Gunung Eiger di Swiss dikenal berbahaya hingga dijuluki Gerbang Kematian. Kelompok pendaki asal Indonesia pernah menaklukkannya.
Tiga puluh tujuh tahun silam, rombongan pendaki Indonesia berhasil menjinakkan Gunung Eiger. Mereka adalah Harry Suliztiarto, Mamay Salim, beserta timnya yang dinobatkan sebagai pendaki Indonesia pertama yang mencapai puncak Eiger.
Mereka menceritakan kengerian dan lika-liku pendakian saat itu, dalam acara media gathering di Eiger Flagship Store di Jakarta, Rabu (15/3). Harry bercerita, rombongan mereka harus melakukan pendakian selama dua kali yakni pada 1985 dan 1986 sebelum akhirnya berhasil mencapai puncak gunung tersebut.
Pendakian pertama pada 1985 gagal karena mereka salah memilih musim. "Kita pikir Juni, Juli, Agustus itu sudah oke. Ternyata kita masuk Juli akhir ke sana masih winter (musim dingin). Tapi kita naik juga, tapi ada orang sana menyatakan jangan ambil daerah sini, ini daerah longsor," ujar Harry.
"Eh benar, saya mengambil Mamay masih hidup di longsoran. Jadi Mamay hilang. Tinggal saya sama Heri," kenang Harry.
Lalu selepas kegagalan pendakian yang pertama, akhirnya mereka pun mempersiapkan pendakian keduanya dengan cukup rumit, mulai dari persiapan fisik hingga tes psikologi.
"Jadi tahun 85 kita disapu sampai kebawah, lalu kita batalkan. Kemudian tahun depan kita diperiksa dulu. Kita diperiksa oleh Psikologi AD, 'coba tolong diperiksa orang-orang ini sehat atau tidak', akhirnya kita lolos," katanya.
Persiapan yang dilakukan saat itu juga bukan main-main. Mereka sampai simulasi es di dalam cold storage dengan -30 derajat celcius agar dapat membiasakan dengan suhu di sana.
"Yang pernah ke es hanya saya, Mamay dan yang lainnya belum pernah. Jadi kita belajar es, itu kita masuk ke cold storage di Jakarta. Selama 24 jam kita didinginkan -30 celcius. Kita keluar ke Jakarta kulit kita pecah semua, karena Jakarta 35 derajat celcius di dalam minus 30 derajat celcius," ujarnya.

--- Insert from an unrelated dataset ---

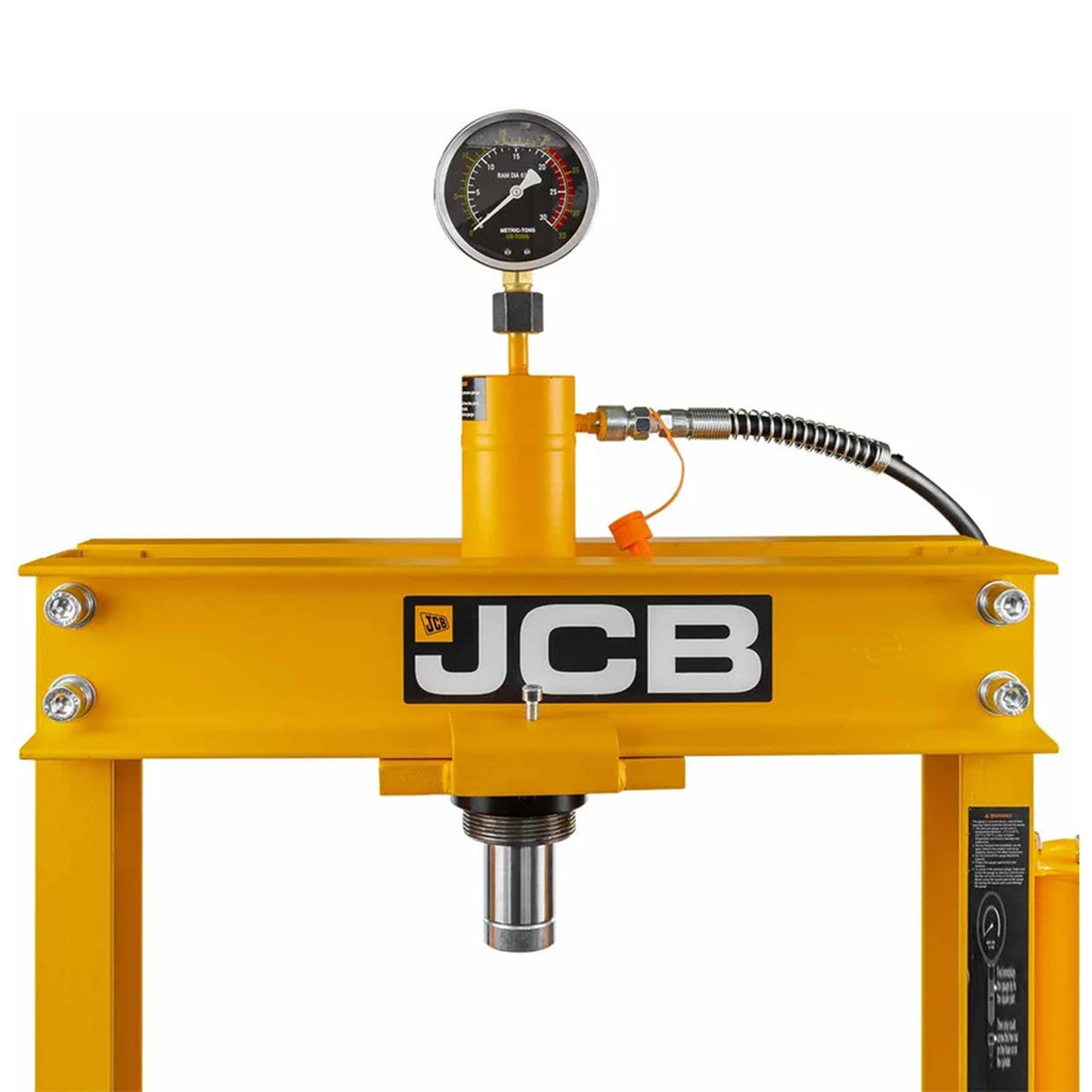 Accurate pressure gauge: Ensures precise monitoring of applied load.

Untuk makanan dan perbekalan ketika mendaki juga disiapkan secara khusus agar ringkas tapi dapat mencukupi kebutuhan. Hal ini perlu dilakukan mengingat perjalanan yang dilakukan sangat panjang dan melelahkan.
"Makanan kita itu kita ngeset sendiri dalam bentuk bubuk. Kita press sendiri, kita timbang sendiri, kita bawa makanan untuk 19 hari. Kita naik Eiger selama 13 hari kita tidurnya gantung. Minumnya dari es yang meleleh, kita tadangin, warnanya juga nggak cerah airnya tapi kita sikat aja," ceritanya.
Gunung Eiger tak salah untuk dijuluki sebagai 'gerbang kematian'. Hal tersebut karena medannya yang sangat berat dan sering ditemukan bebatuan yang jatuh sampai mengancam pendaki.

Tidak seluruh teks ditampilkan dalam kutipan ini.